While the likely loss of the West Virginia senate seat is a significant blow to the Democratic Party, there is a much more ominous cloud on the political horizon in terms of Manchin.
For several months there has been curiosity about Manchin’s future plans. Would he take on Biden in the Democrat primaries? Would he run as an independent or third-party candidate. Manchin added fuel to that speculation by attending a No Labels Party (NLP) event in New Hampshire.
NLP is a group of unaligned fat cats and political operatives exploring the possibility of challenging the two major party candidates. While third-party efforts have been unsuccessful in the past, NLP believes that voter dislike for both Biden and Trump provide a unique opportunity.
Perhaps the most important part of Manchin’s withdrawal from the senate race was his plans for the future. They were not specific but fraught with meaning. He said he planned to remain active in politics – and would be travelling the country to see if there was interest in middle-of-the-road politics. What Manchin is doing looks and sounds like an exploratory campaign for a presidential bid.
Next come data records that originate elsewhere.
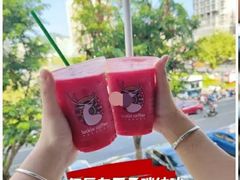 红唇车厘子瑞纳冰-瑞幸咖啡(7号国际商业中心店)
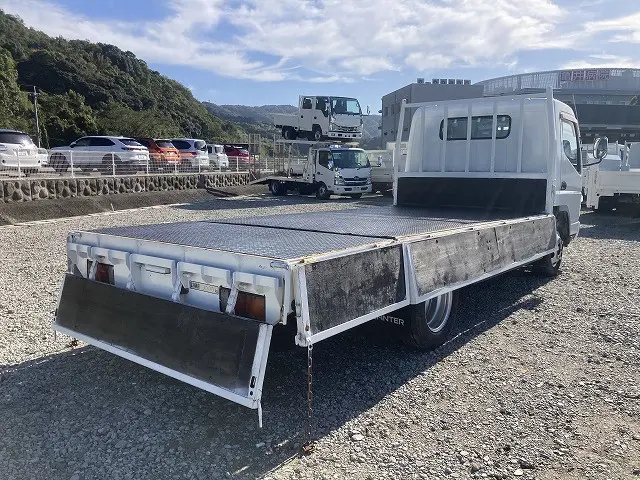 三菱 キャンター KK-FE82EE(2WD)の写真15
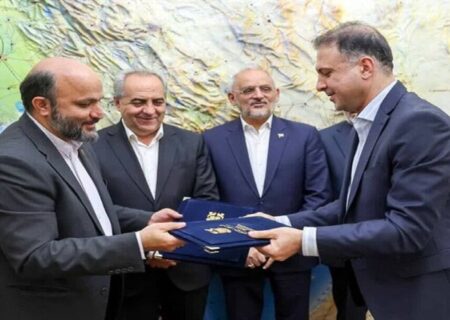 امضای توافق نامه سه جانبه احداث ۲۱۵ میلیارد تومان مدرسه در آذربایجان شرقی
Trump is fighting off a number of challengers within the Republican Party. Biden has a couple of challengers in the Democrat primaries — Minnesota Congressman Dean Phillips and spiritual advisor Marianne Williamson being the most prominent. He also has three notable liberal Democrats mounting third-party bids. They include Robert F. Kennedy, Jr. – a bit of a gadfly candidate who is remarkably pulling down 20-plus percent of the vote. Black activist Cornel West, who will pull away some of Biden’s Black vote – which is already shrinking. And perennial leftwing candidate Jill Stein.
They all pose a threat to Biden, but not as much as Manchin. If Manchin jumps in, he will be the big political monkey wrench grinding the teeth off of Biden’s political machine.
If Manchin becomes an independent or NLP candidate, he will not likely win the presidency. Like the other outliers, he will not be on the ballot in all the states – meaning he will fall short of the prerequisite 270 electoral votes to become President. The fear on the left is that Manchin’s candidacy would be the coup de grace to Biden’s dream of a second term, however.
The two potential results of a Manchin campaign would be the election of Trump – if he is the GOP standard bearer – or (and this is the scary one) no one – neither Biden nor Trump –secures 270 electoral votes. That could happen if Manchin or one of the others win electors in a couple of states. While he could not get on the ballot in all states, he could pick up electors in half a dozen purple states. So could Kennedy – especially states that apportion the electors as opposed to winner-take-all states.
According to the Constitution, when the Electoral College cannot come up with a winner, the decision passes on to the United States House of Representative. Each state gets one vote in that process. There are more Democrat voters in America, but they are concentrated in the big states, such as New York and California. No matter the size of the population, states only get one vote in electing a President if the responsibility falls onto the House.
Republicans have more states represented in Congress – albeit smaller states. So even if Democrats were to win control of the House in 2024, Republicans would still have a clear advantage in picking the 47th President.
That means that Trump COULD lose the popular vote … lose the electoral vote … and still become President of the United States — legitimately. While that is not likely, it is more possible today than it ever was – and if Manchin enters the fray, he could be the weight that tips the political scales in that direction.
When pointing out that in the past independent and third-party candidacies fail miserably, we should keep in mind that never in the past have the two likely candidates of the two major parties been so unpopular with so many voters on both sides.
The only thing that can be said at this point is stay tuned. It will be very interesting.
So, there ‘tis.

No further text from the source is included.